Most fascinating were how the relationships between cast members and writers really drive the quality of the show. The first five years were built on the strength of the cast, their devotion to each other in and out of the office, the crazy amount of drugs and alcohol they consumed, and their individual relationships with the writers. And the Tina Fey years were almost the inverse – they thrived on the respect, professionalism, and clean living that they all prided themselves on. It really pinpoints why transition years are difficult – when you have a group like Mike Myers, Dana Carvey, etc. giving way to youngsters like Adam Sandler, Chris Rock, and Chris Farley, factions occur, conflicts arise and work gets less productive.
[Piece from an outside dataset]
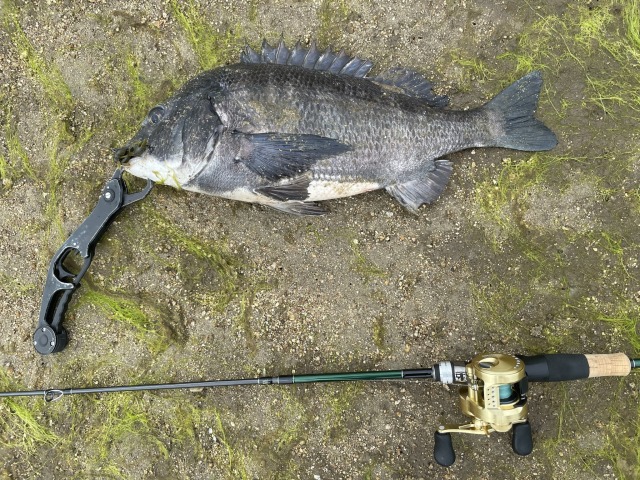 サビア67UL】チニングやライトロックに使ったインプレを紹介！！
Surprising to me was how the way prior cast members or writers talked about the show could dramatically change my opinion of them. For example, I’m now totally obsessed with Jane Curtain who’s smart, funny, blunt, pithy and amazing and I want to go back to 1975 and be her best friend. I’m a firm believer that you should never trash your former employers – something about that job gave you the skills, experience or wisdom to help you get where you are today. And there were a wide variety of past cast and crew members lobbing some hard hitting criticism at SNL – Julia Louis Dreyfus, Janeane Garofolo, Chris Rock, Victoria Jackson, Chevy Chase, Eddie Murphy, etc. Some of them came off as whiny and unappreciative, while some of them managed to convey what it was about SNL that wasn’t right for them, and critique some of the show’s longstanding perceived faults (particularly re: gender, race) intelligently and graciously. Honestly, I actually loved some of the people who complained about the show more after reading this book (I’m looking at you, Julia Louis Dreyfus).
Is SNL still relevant?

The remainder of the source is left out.